The Singaporean signed with ONE Championship in short order and restarted his career. He won three consecutive bouts via TKO, including one over Pakistani mixed martial arts pioneer Bashir Ahmad. But that momentum came screeching to a halt in May 2015, when he lost a close split decision to Thai superstar Shannon Wiratchai. That was when Khan learnt his second-most valuable lesson in the sport.
“I felt that I was overtraining for that fight, and I was too stiff and not mobile. I was almost fighting like it was Muay Thai. I was not loose and bouncing around,” he reflects. “After that loss, you see that I now fight more loosely, I move in and out more, and I use my range.”
Since that bout, the Singapore native has successfully regained that lost momentum. He quickly racked up two more TKO victories, and most recently, submitted the Philippines’ Vaughn “The Spawn” Donayre at ONE: DEFENDING HONOR last November.
The last win was particularly impressive given Donayre had a deep Kimura that had him in trouble, just minutes before he pulled off a spectacular comeback in the third round with a rear-naked choke.Now, Khan is on solid footing. He currently holds a professional record of 6-2, with five wins coming by TKO and another by submission. Every one of his six victories has been finished inside the allotted time, making each bout an exciting one for fans to watch.

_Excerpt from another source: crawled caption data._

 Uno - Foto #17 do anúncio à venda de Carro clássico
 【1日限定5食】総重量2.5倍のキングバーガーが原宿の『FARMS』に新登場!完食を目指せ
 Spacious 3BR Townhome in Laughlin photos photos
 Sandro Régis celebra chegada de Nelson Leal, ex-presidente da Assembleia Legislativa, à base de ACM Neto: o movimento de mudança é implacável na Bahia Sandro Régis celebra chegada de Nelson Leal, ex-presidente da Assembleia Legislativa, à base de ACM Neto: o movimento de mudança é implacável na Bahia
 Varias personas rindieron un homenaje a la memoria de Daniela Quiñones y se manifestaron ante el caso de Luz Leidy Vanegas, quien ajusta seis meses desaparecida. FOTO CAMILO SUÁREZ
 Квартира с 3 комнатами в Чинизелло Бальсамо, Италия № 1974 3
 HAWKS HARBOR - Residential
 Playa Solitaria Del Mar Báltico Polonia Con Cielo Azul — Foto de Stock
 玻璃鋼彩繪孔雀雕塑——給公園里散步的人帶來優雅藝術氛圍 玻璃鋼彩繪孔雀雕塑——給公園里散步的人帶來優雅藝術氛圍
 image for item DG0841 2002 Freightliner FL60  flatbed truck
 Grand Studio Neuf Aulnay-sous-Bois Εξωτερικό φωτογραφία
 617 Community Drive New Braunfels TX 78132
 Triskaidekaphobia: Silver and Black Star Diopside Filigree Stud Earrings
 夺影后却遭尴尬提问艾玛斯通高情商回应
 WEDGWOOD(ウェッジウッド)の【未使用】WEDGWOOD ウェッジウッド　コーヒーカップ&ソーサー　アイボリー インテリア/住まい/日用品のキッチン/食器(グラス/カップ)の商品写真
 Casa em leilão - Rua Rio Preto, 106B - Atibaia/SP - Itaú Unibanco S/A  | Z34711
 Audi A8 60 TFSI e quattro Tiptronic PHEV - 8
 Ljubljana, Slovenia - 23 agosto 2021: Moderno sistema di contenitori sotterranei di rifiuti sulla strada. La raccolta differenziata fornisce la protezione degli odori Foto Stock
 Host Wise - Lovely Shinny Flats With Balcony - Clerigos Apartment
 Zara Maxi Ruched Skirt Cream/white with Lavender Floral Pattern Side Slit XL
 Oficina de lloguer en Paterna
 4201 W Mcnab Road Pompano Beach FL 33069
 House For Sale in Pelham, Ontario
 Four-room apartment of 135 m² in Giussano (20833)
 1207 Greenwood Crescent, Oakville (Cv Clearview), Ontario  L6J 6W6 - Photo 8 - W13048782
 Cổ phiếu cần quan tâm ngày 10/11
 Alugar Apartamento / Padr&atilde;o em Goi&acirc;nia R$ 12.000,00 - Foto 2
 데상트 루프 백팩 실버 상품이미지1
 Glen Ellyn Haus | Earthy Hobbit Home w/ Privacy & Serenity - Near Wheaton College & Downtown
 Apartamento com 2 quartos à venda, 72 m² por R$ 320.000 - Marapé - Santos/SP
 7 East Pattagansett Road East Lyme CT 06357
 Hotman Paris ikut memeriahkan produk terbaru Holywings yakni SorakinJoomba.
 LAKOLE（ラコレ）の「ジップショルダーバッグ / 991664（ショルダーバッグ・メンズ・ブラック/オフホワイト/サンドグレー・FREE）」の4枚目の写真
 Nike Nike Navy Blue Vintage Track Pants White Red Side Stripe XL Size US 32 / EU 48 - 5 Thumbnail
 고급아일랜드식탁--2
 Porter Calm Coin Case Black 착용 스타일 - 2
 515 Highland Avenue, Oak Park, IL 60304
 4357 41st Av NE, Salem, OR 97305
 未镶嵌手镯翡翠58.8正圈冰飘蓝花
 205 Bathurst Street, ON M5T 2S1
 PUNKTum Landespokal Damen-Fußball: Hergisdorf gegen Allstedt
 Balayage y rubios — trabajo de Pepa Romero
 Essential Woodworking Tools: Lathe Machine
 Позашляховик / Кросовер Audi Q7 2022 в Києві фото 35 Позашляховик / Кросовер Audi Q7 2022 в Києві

“I always love to look for the finish. I hate to leave it to the judges,” he confirms.
When Khan enters the ONE cage on 26 May against Meena, he will attempt to extend his three-fight winning streak, and establish himself as a legitimate contender in ONE’s stacked lightweight division.
Meena is 8-5, and prepares at Crosstrain Fight Club. He is known for his pinpoint striking, knockout power, and submission prowess. After all, the Indian national is a former Super Fight League Lightweight Champion, five-time national wushu champion, two-time national kickboxing champion, and regional boxing champion.
Khan, however, is undeterred by his opponent’s sparkling credentials.
“I saw his fights in ONE and a couple of fights in India, but I was not too impressed with his skills or his attributes in any way,” the Singaporean says. “I saw his record. He finished most of his fights by submission, but he lost most his fights by submissions, too.”
Although Khan rightfully considers every opponent as dangerous, the Singaporean is confident that he is superior in every area of the game, and intends on finishing this bout, just like he has with his previous encounters. In fact, he does not anticipate this match going to the third round.
“I visualize various things in this fight,” he begins. “There are a couple of scenarios I play in my head. I can knock him out, or if he tries to shoot and take me down, I feel like I will be able to submit him.
“It just depends on the flow. It depends on how my opponent reacts. I cannot say I am just going to throw a left hook and drop him, so I am just going to stick with my flow. I feel like I will finish him in the first round, or early in the second.”